Leçon de vie numéro 1653

"Avoir les yeux plus gros que le ventre"

Combien de fois dans notre jeunesse on l'a entendu cette expression. Quand on commandait deux boules de glaces mais qu'on en mangeait qu'une ou quand pris d'une fringale à 15:00 on commençait à couper dans le sens de la longueur une baguette entière pour y enfourner tout ce qu'on trouvait dans le frigo.. Oui on la connaît tous cette expression, on sait qu'elle a un fond de vrai. Et puis on grandit, et ... 
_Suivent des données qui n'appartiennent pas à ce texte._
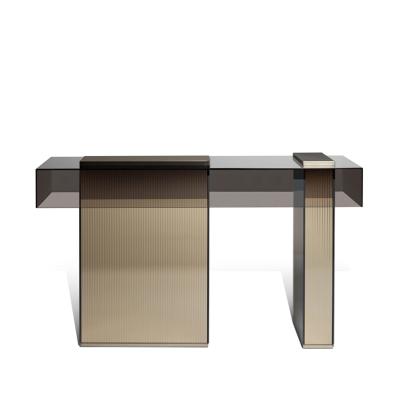 China Modern Modern Vitreous Mesa Light Stainless Steel Luxury Console Table for sale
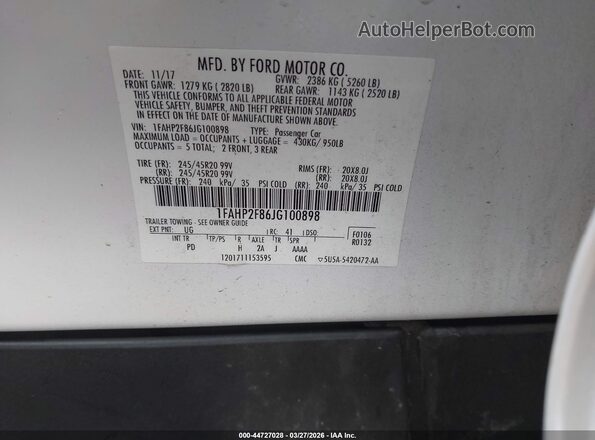1FAHP2F86JG100898 2018 FORD TAURUS Белый Вид подкапотного пространства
on refait les mêmes "conneries" !       

 

Allez petit flash back.

 

Nous sommes donc arrivés frais comme des gardons en Europe, à Bucarest pour être précis. Il fait beau, il fait chaud, et malgré la distance certaine qui nous sépare encore de la France on observe déjà son influence: Brico dépôt, décathlon etc.. oui on sait, c'est un peu ridicule mais vous savez, après 9 mois à l'autre bout du monde on a tendance à s'accrocher à la moindre branche ! 

Toujours est il que les vélos ont été achetés rapidement. Le premier sur un marché, une seconde main venue d'Allemagne (probablement volé) et le second auprès d'un particulier après une mythique conversation franco/roumaine avec son propriétaire.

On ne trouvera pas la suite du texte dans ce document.